No asistimos, entonces, a un mero conflicto con gremios aeronáuticos o con las burocracias universitarias, sino a expresiones de una cultura corporativa que en los últimos años se ha vuelto cada vez más autoritaria y ha tendido a utilizar el “apriete” como metodología de reclamo. Es una de las tantas consecuencias de un largo ciclo populista que reivindicó y exaltó “la lucha social” y avaló el “piqueterismo”, utilizándolo en beneficio propio. La prepotencia ha reemplazado al diálogo y el eslogan al debate.

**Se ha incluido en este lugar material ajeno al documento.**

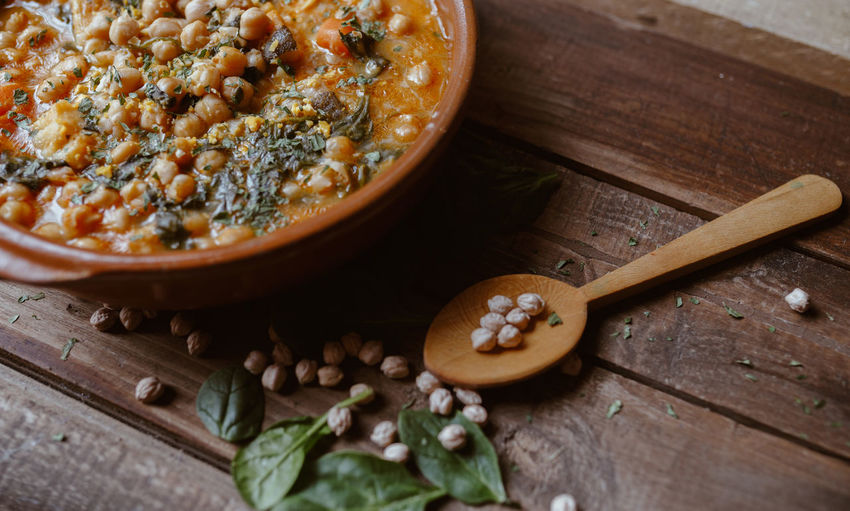 Wooden spoon and potaje. typical spanish food. vegan food. chickpeas with chard.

El simple ciudadano que manda a sus hijos a la escuela, viaja en tren o va en avión a otra provincia del país, cruza un puente para ir a trabajar o se presenta en una ventanilla pública a hacer un trámite cualquiera muchas veces se ha sentido rehén de estos reclamos extorsivos que, lejos de generar empatía y comprensión, provocan rechazo, impotencia e indignación. Todo contribuye, además, a lesionar la cultura de los derechos laborales, que por su propio carácter fundamental debería ser preservada de abusos y distorsiones.
El fallo judicial de esta semana que ha encuadrado el bloqueo de una estación de servicio como un acto delictivo de “coacción” debe leerse, en este contexto, como un pronunciamiento de fondo. Marca un rumbo y pone un límite. Intenta reinstalar un sentido de la legalidad y de la norma. Nos dice, para apelar al diccionario de moda, “es por acá”: se puede discutir y reclamar, pero dentro de la ley. La Argentina necesita recuperar ese camino, en el que el diálogo y la negociación se impongan al apriete y la extorsión. El acuerdo que acaba de firmarse en Aerolíneas tal vez marque un aprendizaje.